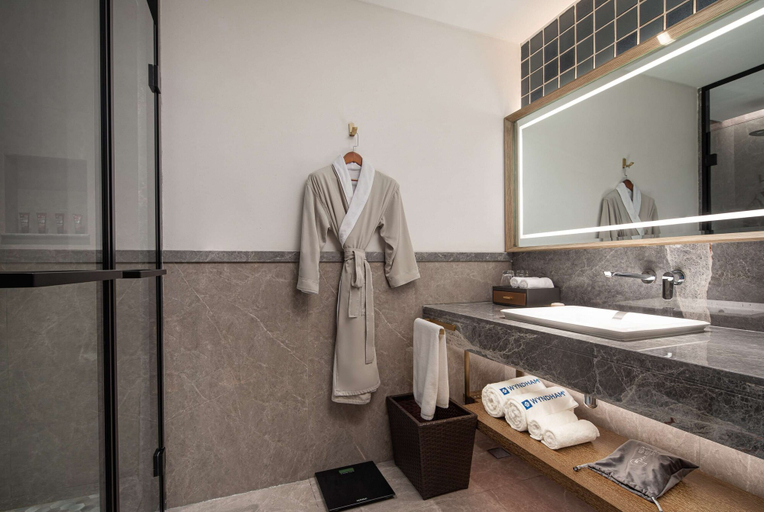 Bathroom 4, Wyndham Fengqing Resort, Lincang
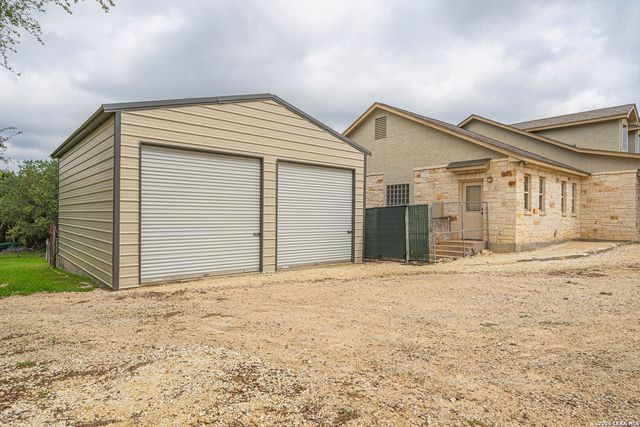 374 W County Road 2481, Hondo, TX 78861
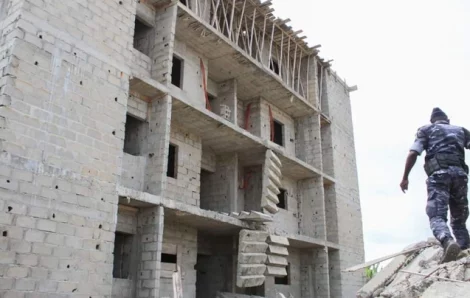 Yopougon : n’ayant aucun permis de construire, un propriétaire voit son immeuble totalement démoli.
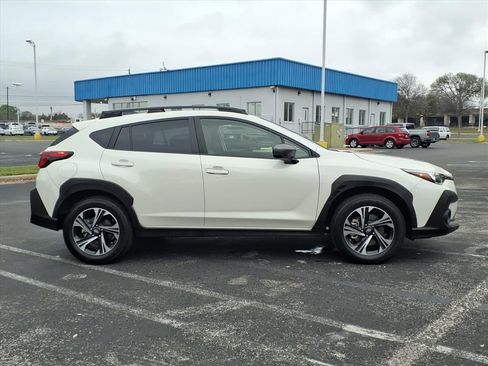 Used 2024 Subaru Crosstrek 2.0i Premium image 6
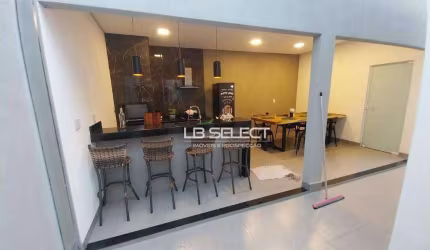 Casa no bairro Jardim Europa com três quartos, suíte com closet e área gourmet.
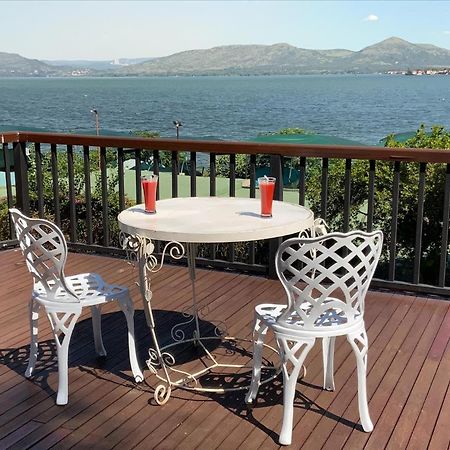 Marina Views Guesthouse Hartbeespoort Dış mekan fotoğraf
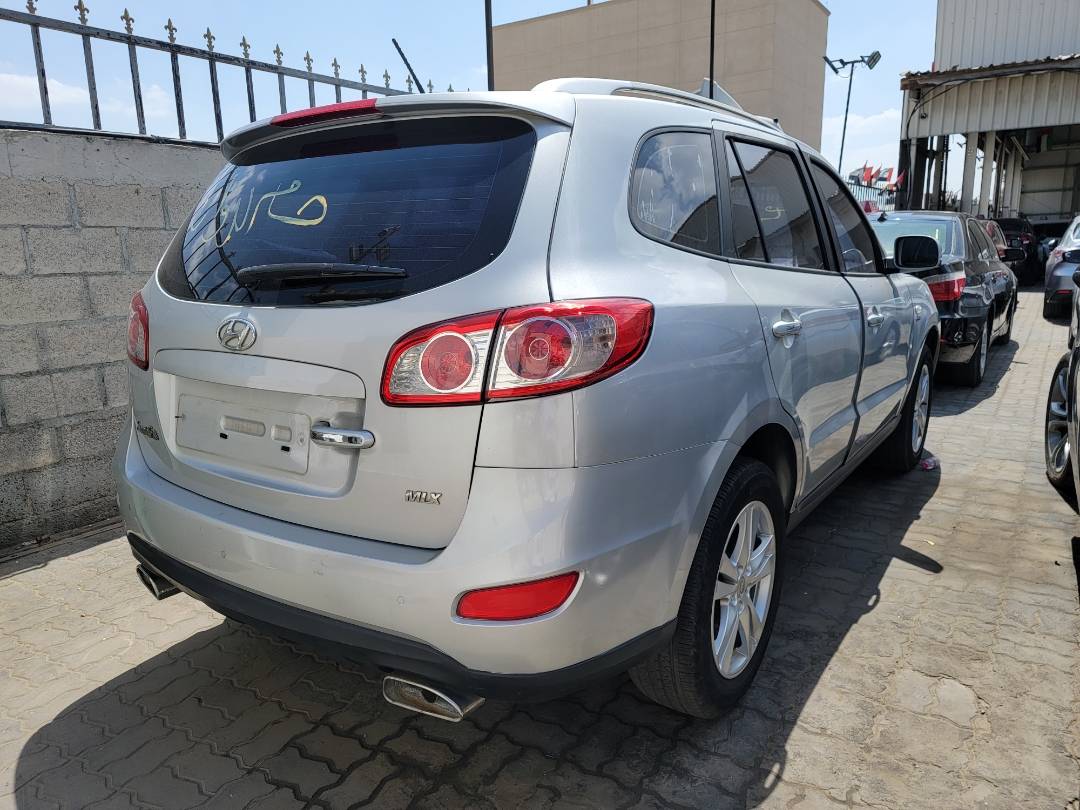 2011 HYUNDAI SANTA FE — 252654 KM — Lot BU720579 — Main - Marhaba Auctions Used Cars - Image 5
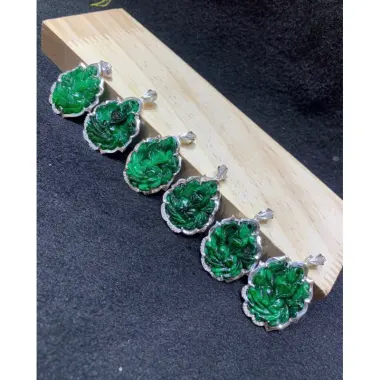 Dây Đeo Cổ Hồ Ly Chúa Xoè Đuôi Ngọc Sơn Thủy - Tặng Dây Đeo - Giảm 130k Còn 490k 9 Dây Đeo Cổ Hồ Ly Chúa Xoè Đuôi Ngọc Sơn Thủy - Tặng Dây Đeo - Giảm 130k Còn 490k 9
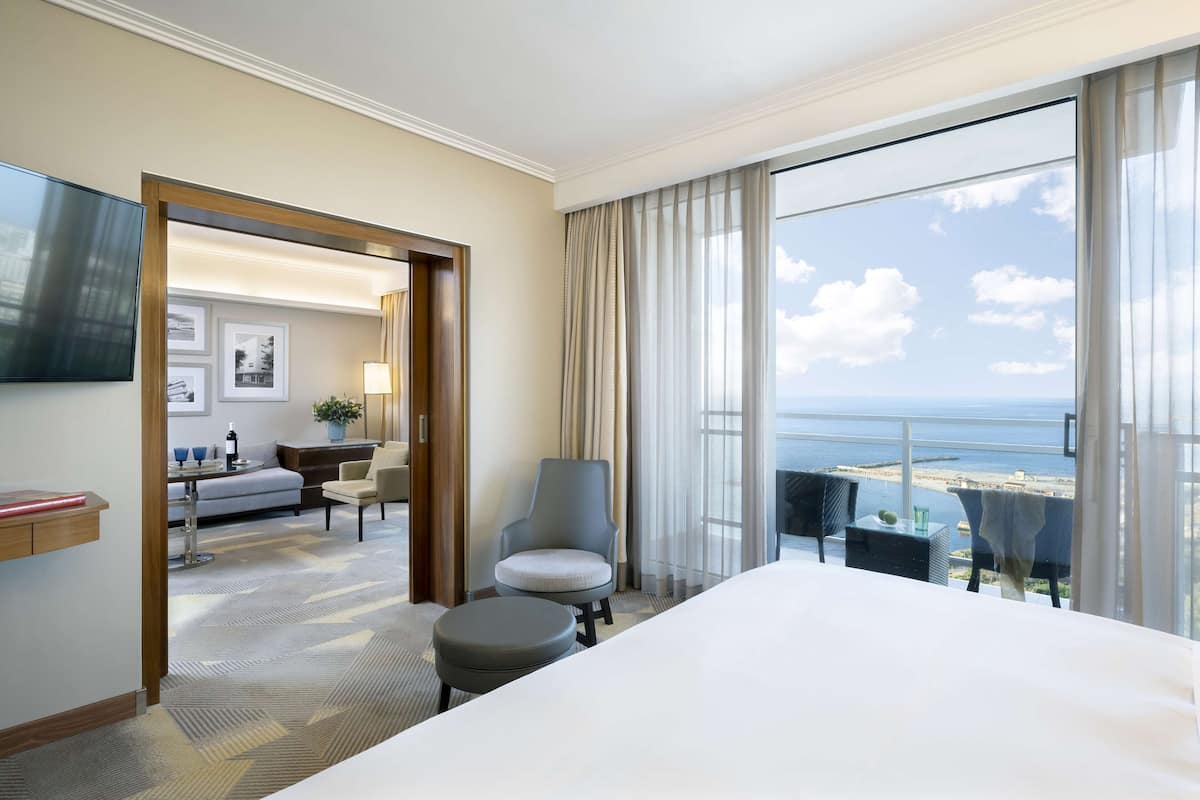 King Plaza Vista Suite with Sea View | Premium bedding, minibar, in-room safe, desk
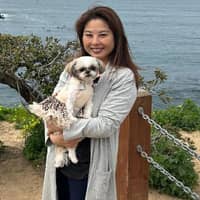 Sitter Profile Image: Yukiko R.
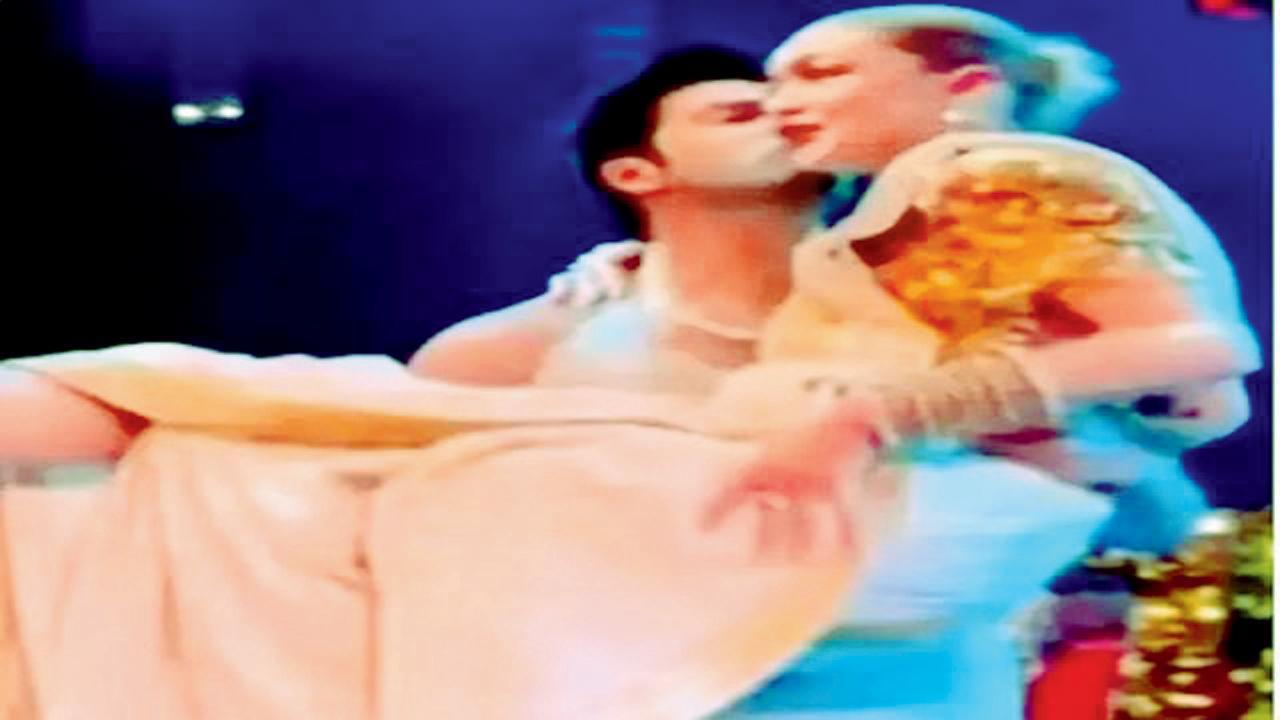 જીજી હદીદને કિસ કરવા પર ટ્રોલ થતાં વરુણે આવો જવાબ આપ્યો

▸ **INSTRUCTIONS TO FOLLOW**
Write out, with no pictures, only the lines from the line containing "Còn 490k 9 Dây" through the last line of the listing above, exactly and with both ends included.

▸ **COMPLETED TASK**
 Dây Đeo Cổ Hồ Ly Chúa Xoè Đuôi Ngọc Sơn Thủy - Tặng Dây Đeo - Giảm 130k Còn 490k 9 Dây Đeo Cổ Hồ Ly Chúa Xoè Đuôi Ngọc Sơn Thủy - Tặng Dây Đeo - Giảm 130k Còn 490k 9
 King Plaza Vista Suite with Sea View | Premium bedding, minibar, in-room safe, desk
 Sitter Profile Image: Yukiko R.
 જીજી હદીદને કિસ કરવા પર ટ્રોલ થતાં વરુણે આવો જવાબ આપ્યો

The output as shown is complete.